No Vacation Bible School for my Kids

My grandmother, the sweet woman, is a devout Christian and probably one of the most genuine people I know. She loves god with all her heart and truly lives the life a Christian should live. She believes some things are wrong (homosexuality and alcohol consumption, for example) but she treats all people equally. She never turns her back on someone because of their sexual orientation, choice of lifestyle, or even belief in god. She did not turn her back on me when I became pregnant before I was married. However, she has no idea that I’m an atheist. I cannot bring myself to tell her because I know it will break her heart. She’s the person in my life I can relate to the most, and she’s been their for me when my own parents were busy squabbling over whose weekend it was to take my brother and myself.

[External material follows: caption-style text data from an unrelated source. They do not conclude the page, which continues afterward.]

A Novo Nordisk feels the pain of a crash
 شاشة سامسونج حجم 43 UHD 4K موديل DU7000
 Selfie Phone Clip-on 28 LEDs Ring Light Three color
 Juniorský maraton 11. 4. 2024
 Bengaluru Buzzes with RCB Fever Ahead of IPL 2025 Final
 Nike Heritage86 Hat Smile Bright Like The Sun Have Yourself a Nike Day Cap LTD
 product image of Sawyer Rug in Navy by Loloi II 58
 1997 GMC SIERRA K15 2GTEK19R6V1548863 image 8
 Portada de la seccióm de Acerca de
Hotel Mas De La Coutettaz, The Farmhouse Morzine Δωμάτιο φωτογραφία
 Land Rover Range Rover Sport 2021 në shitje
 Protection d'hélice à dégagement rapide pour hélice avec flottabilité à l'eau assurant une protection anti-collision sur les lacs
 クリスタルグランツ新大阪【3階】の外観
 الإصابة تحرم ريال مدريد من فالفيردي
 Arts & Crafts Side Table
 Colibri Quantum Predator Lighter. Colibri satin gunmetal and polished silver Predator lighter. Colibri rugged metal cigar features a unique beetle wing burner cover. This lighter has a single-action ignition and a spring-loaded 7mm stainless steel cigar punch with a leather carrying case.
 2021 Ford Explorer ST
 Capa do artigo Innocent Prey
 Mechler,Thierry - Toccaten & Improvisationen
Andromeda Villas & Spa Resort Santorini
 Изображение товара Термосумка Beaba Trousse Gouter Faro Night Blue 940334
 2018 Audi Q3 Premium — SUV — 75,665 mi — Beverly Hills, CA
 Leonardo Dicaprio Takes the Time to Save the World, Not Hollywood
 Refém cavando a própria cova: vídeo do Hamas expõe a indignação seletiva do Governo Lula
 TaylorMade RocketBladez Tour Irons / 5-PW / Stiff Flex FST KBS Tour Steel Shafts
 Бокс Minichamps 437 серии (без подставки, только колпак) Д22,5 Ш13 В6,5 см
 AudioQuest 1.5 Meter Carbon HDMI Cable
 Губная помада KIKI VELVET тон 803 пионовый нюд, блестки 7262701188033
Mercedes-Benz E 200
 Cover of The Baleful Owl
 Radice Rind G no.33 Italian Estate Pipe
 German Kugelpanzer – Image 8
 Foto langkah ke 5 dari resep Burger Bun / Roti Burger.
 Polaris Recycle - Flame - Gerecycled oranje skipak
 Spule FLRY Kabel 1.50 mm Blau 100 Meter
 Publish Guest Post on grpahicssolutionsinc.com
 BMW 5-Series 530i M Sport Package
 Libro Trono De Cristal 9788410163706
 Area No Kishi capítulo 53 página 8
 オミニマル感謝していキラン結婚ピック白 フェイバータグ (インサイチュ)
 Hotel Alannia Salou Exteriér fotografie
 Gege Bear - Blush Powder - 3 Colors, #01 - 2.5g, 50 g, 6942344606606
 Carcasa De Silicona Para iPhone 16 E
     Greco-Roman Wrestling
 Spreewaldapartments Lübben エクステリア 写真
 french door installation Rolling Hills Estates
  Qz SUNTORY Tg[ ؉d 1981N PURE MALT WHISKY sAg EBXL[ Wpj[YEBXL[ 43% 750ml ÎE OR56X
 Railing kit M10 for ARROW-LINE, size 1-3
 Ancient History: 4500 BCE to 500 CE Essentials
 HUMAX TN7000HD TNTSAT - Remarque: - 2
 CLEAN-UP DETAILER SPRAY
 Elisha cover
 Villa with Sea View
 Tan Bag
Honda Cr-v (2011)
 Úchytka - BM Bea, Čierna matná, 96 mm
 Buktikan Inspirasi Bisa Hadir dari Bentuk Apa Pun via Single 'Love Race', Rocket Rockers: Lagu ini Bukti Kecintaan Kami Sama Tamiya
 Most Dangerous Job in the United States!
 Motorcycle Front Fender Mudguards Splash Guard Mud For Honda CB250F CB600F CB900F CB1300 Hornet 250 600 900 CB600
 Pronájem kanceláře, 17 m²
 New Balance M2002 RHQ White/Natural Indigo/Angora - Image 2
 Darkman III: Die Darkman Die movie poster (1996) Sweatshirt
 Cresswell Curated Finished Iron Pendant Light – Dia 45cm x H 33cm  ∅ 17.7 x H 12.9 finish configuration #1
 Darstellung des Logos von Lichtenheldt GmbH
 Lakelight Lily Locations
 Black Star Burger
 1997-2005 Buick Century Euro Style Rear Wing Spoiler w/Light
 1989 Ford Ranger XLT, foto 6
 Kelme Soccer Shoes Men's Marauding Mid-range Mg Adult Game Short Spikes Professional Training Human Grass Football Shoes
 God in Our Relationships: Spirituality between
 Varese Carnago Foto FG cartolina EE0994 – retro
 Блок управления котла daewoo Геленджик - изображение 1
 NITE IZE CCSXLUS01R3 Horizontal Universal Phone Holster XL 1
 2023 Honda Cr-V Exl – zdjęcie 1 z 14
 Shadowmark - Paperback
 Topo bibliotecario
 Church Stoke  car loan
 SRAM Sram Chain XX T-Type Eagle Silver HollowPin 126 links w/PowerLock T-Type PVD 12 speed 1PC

My grandmother asked if she could take my 4-year-old to VBS at the church where I grew up, and where she still attends nearly every available service. I thought one day wouldn’t hurt, but over the course of the last month, so many ridiculous things have happened in the name of Christianity that I can’t bear the thought of my child being exposed to religious dogma. She already attends a Christian school, and that’s all I can take. So, I didn’t send her and I feel terrible that my grandmother didn’t get to show her off to her friends, which was probably her main motivation for asking me to bring her anyway.

I made up excuses for why I didn’t bring her to VBS, and I feel terrible about it. I wish I could tell her the truth. But I know the though of me burning in hell will haunt her until the day she dies, and I just can’t do that to her. She’s chosen to live this life in blind faith, and so she will be blind to my fate. Which, in reality, is most likely just a cease of existence, but this is not how she would see it.

My heart hurts, but I feel like I’m doing the right thing in keeping it from her. At least, I hope I am.

7 Thoughts on “No Vacation Bible School for my Kids

  1. Wow, that is tough.

    When I told my mom… well, she kind of inferred it on her own and asked me, she was sad and cried for awhile. But later she came around and has accepted me. In the end, it’s about love. A parent’s (or grandparent’s love) doesn’t stop just because somebody they care for has some belief or thinks a certain way. (at least that’s how it’s supposed to work!)

    You are choosing to raise your children how you see fit. (and it sounds like you’re doing a fine job, too!) Christianity uses guilt as its main premise to enforce membership. You choose to not believe that. In essence, you received freedom like no other (http://wp.me/s1CSuX-freedom), and you want to give that to your children.

    Balancing that with the older, entrenched generation is very difficult. Tell them, or not to tell them? That’s the hard question.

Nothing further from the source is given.